== Segment start ==

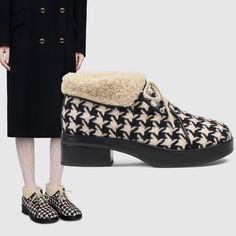 Designer: Gucci Condition: Authentic And Brand New Style Name / Number: 591039 Hr210 9085 Material: Wool Blend, Faux Shearling, Rubber Sole Unique Features: Timeless Houndstooth Checks Pattern The Wool Blend Upper Of A Striking Booties Made Coze By A Plush Faux Shearling Lining. Block Heel. .75" Platform, Lace Up Style, Foldover Ankle Detail. Color: Black / White, Please Note That Color Appearance May Vary Depending On Your Monitor Settings Retail: $980 Plus Tax Measurements: Please Ask For Meas Gucci Leather Boots For Winter, Gucci High-top Sneakers With Branded Insole, Gucci High-top Sneakers With Branded Heel And Round Toe, Gucci Winter Boots With Round Toe, Gucci Black Winter Boots, Houndstooth Ankle Boots, Luxury Shearling Boots With Faux Fur Trim, Gucci Boots, Gucci Shoes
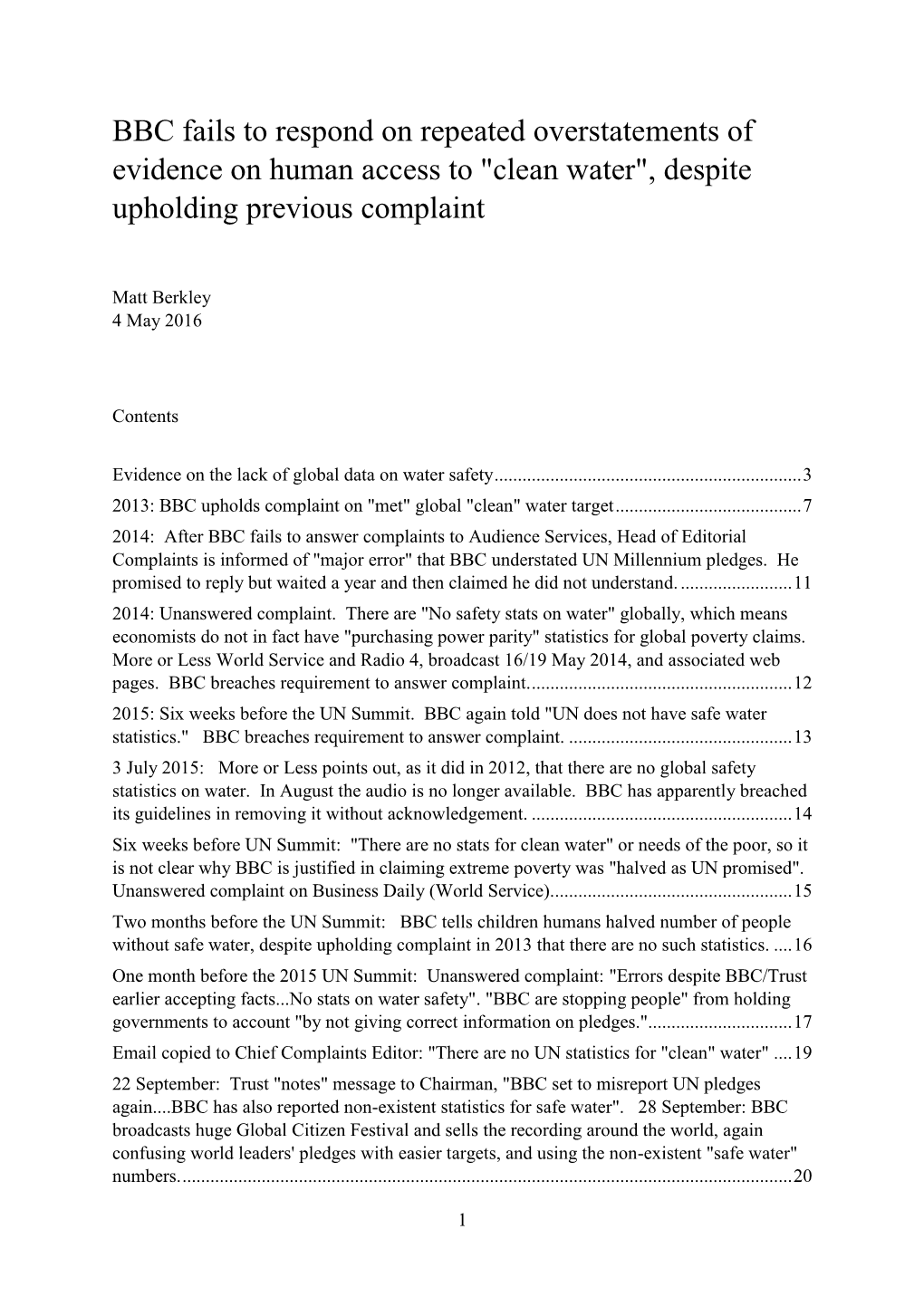 BBC Fails to Respond on Repeated Overstatements of Evidence on Human Access to "Clean Water", Despite Upholding Previous Complaint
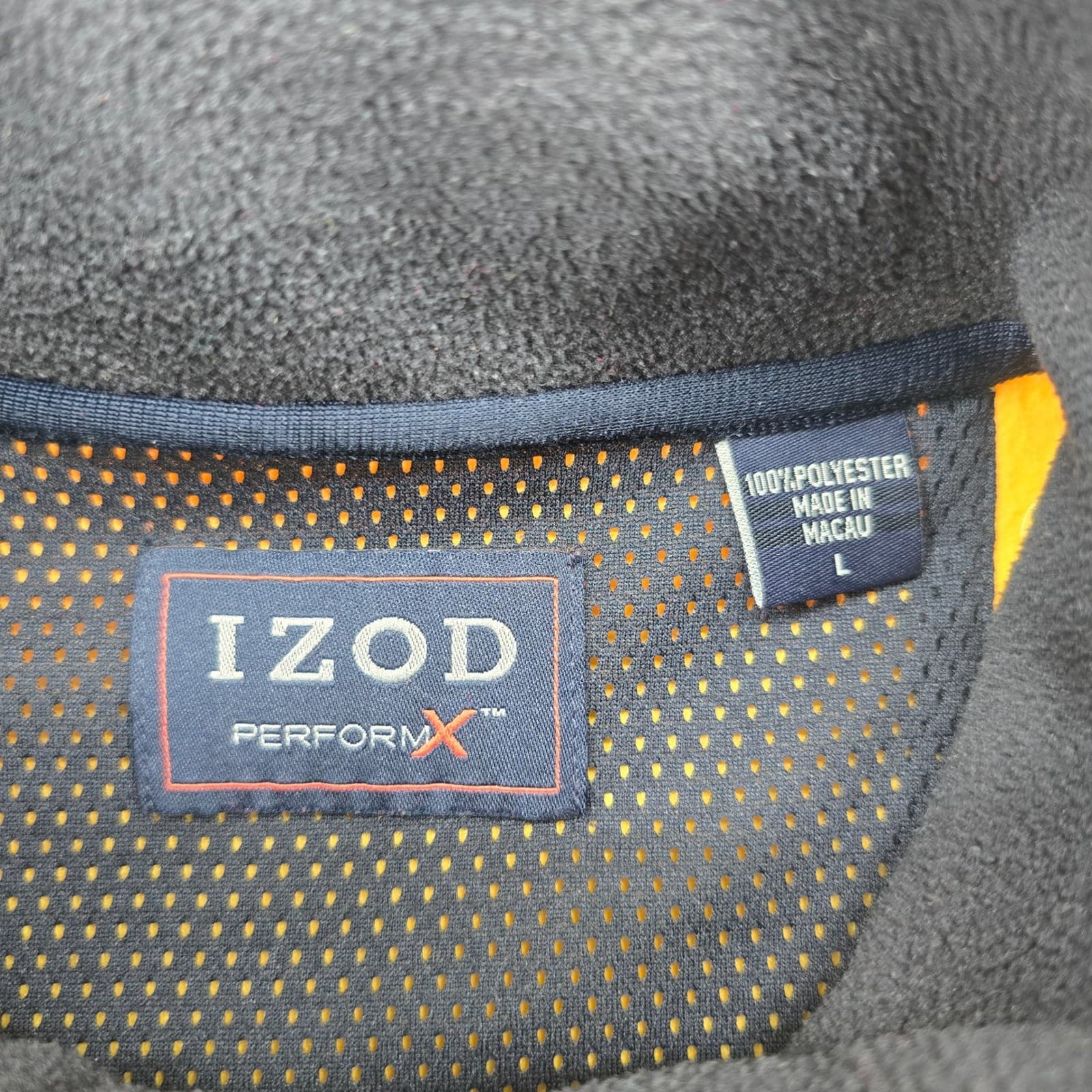 IZOD Vest Mens Large Fleece Vest Yellow PerformX Full Zip Sleeveless Jacket L - Thumbnail 2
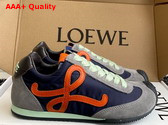 Loewe Ballet Runner 20 in Nylon and Calfskin Navy Orange and Turquoise Replica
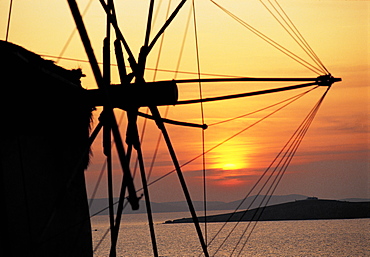 Mykonos, Wind Mills At Dusk, Greece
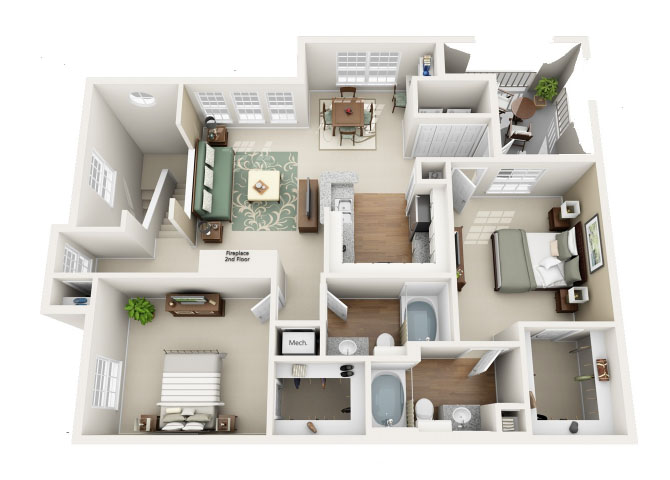 Floor plan for 2 beds, 2 baths, 1237 sqft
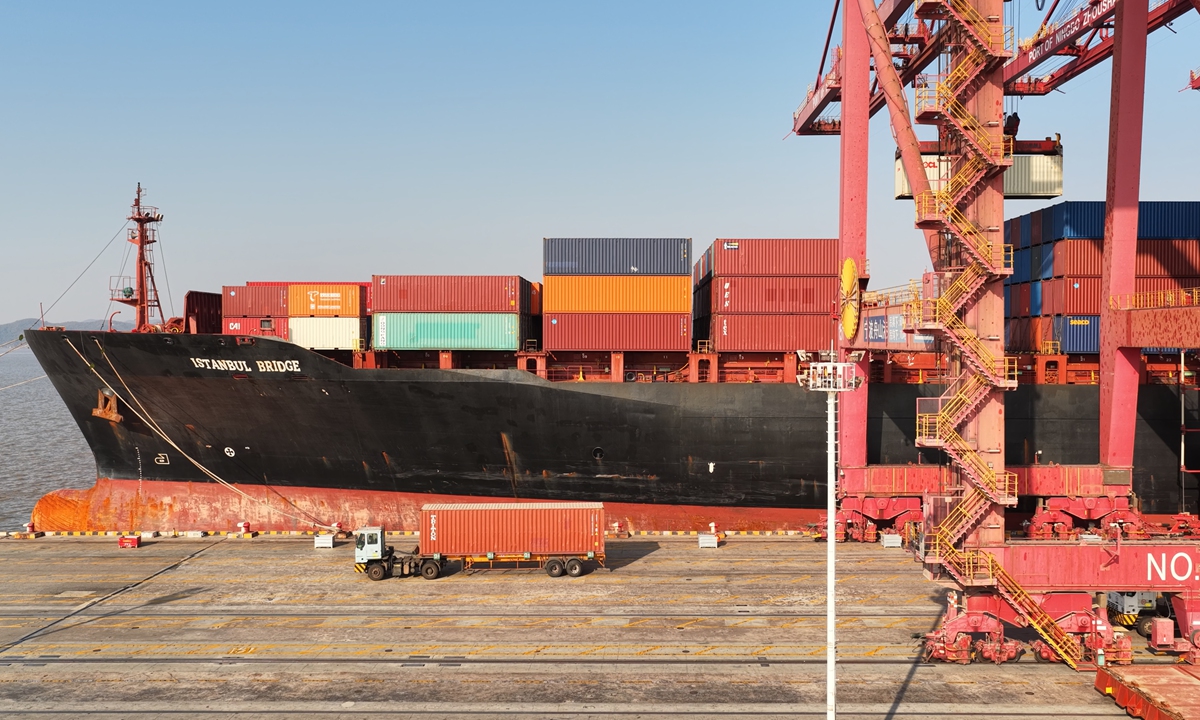 The first cargo ship of the China-Europe Arctic Express berths at Ningbo Zhoushan Port in East China's Zhejiang Province on December 6, 2025. Photo: VCG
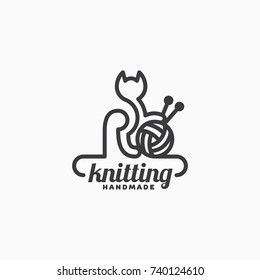 Knitting Logo Template Design. Vector Illustration.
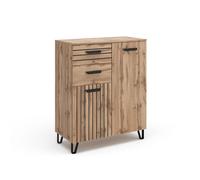 Vicco Commode avec tiroirs Amber, Chêne Wotan, 38x100cm
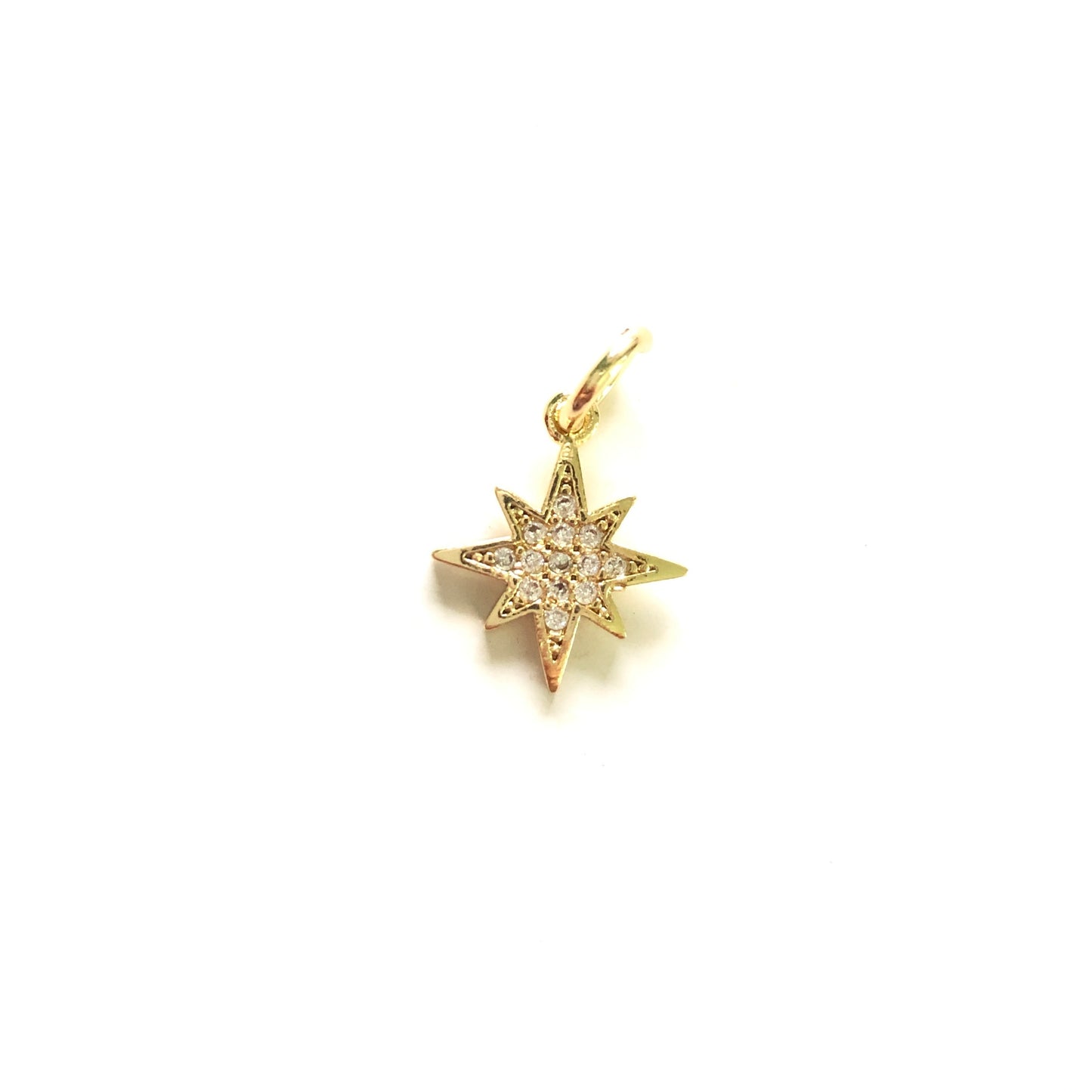 10pcs/lot 13.5*11.8mm Small Size CZ Paved North Star Charms Gold CZ Paved Charms Small Sizes Sun Moon Stars Charms Beads Beyond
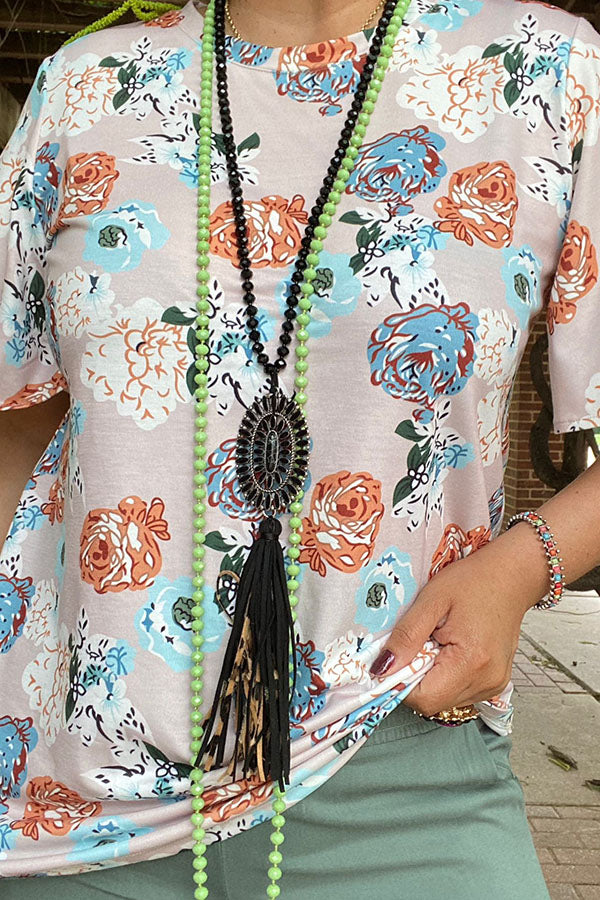 Women clothing wholesale Floral prints short sleeve women top GJQ14072 (FS6)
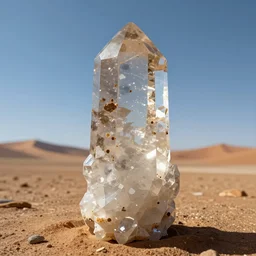 prismatic quartz crystal at namibian desert, at high noon, night, high detail, by frederic church, by kent monkman, by caspar david friedrich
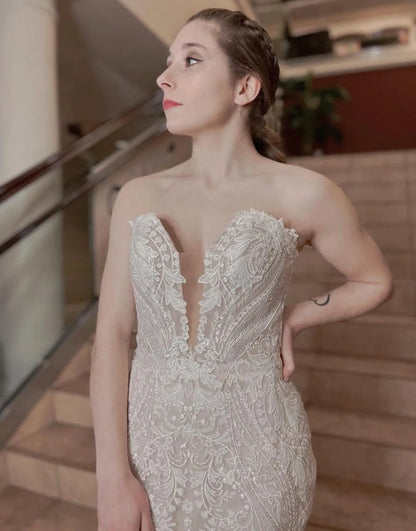 Gorgeous Mermaid Stapless Chapel Train Wedding Dress With Appliques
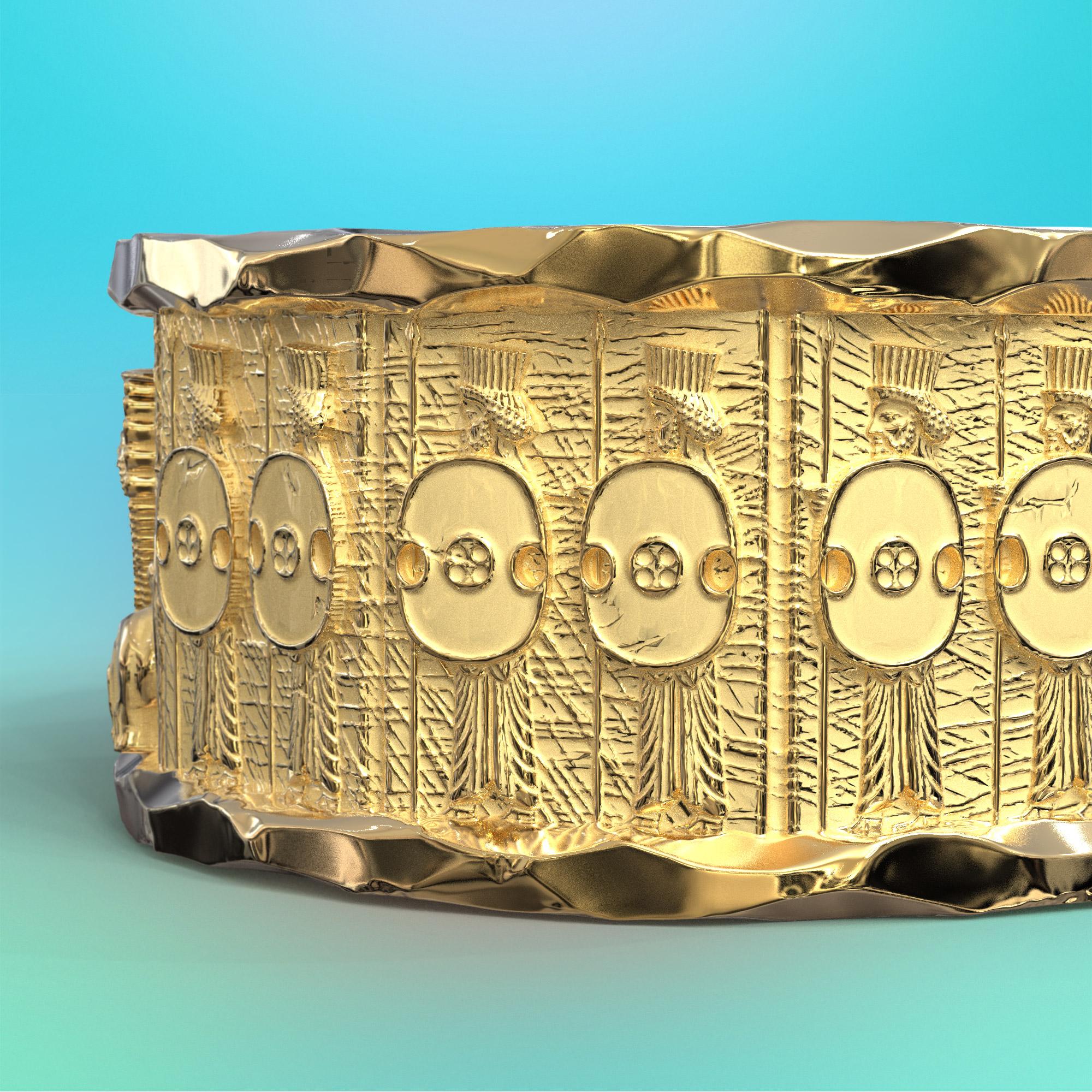 For Sale:  18k Gold Ring with Temple of Persepolis Bas-Reliefs, Jāwīdān Warriors 12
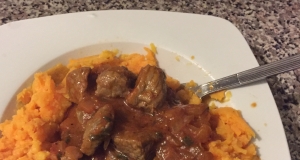 Red Chile Braised Beef Stew over Mashed Sweet Potatoes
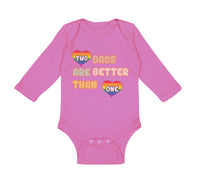 Long Sleeve Bodysuit Baby 2 Dads Are Better than 1 Gay Dad Father's Day Cotton - Cute Rascals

== Segment end ==

Problem description = What belongs in the answer is each line above, reproduced exactly, and no picture.

Problem solution =
 Designer: Gucci Condition: Authentic And Brand New Style Name / Number: 591039 Hr210 9085 Material: Wool Blend, Faux Shearling, Rubber Sole Unique Features: Timeless Houndstooth Checks Pattern The Wool Blend Upper Of A Striking Booties Made Coze By A Plush Faux Shearling Lining. Block Heel. .75" Platform, Lace Up Style, Foldover Ankle Detail. Color: Black / White, Please Note That Color Appearance May Vary Depending On Your Monitor Settings Retail: $980 Plus Tax Measurements: Please Ask For Meas Gucci Leather Boots For Winter, Gucci High-top Sneakers With Branded Insole, Gucci High-top Sneakers With Branded Heel And Round Toe, Gucci Winter Boots With Round Toe, Gucci Black Winter Boots, Houndstooth Ankle Boots, Luxury Shearling Boots With Faux Fur Trim, Gucci Boots, Gucci Shoes
 BBC Fails to Respond on Repeated Overstatements of Evidence on Human Access to "Clean Water", Despite Upholding Previous Complaint
 IZOD Vest Mens Large Fleece Vest Yellow PerformX Full Zip Sleeveless Jacket L - Thumbnail 2
 Loewe Ballet Runner 20 in Nylon and Calfskin Navy Orange and Turquoise Replica
 Mykonos, Wind Mills At Dusk, Greece
 Floor plan for 2 beds, 2 baths, 1237 sqft
 The first cargo ship of the China-Europe Arctic Express berths at Ningbo Zhoushan Port in East China's Zhejiang Province on December 6, 2025. Photo: VCG
 Knitting Logo Template Design. Vector Illustration.
 Vicco Commode avec tiroirs Amber, Chêne Wotan, 38x100cm
 10pcs/lot 13.5*11.8mm Small Size CZ Paved North Star Charms Gold CZ Paved Charms Small Sizes Sun Moon Stars Charms Beads Beyond
 Women clothing wholesale Floral prints short sleeve women top GJQ14072 (FS6)
 prismatic quartz crystal at namibian desert, at high noon, night, high detail, by frederic church, by kent monkman, by caspar david friedrich
 Gorgeous Mermaid Stapless Chapel Train Wedding Dress With Appliques
 For Sale:  18k Gold Ring with Temple of Persepolis Bas-Reliefs, Jāwīdān Warriors 12
 Red Chile Braised Beef Stew over Mashed Sweet Potatoes
 Long Sleeve Bodysuit Baby 2 Dads Are Better than 1 Gay Dad Father's Day Cotton - Cute Rascals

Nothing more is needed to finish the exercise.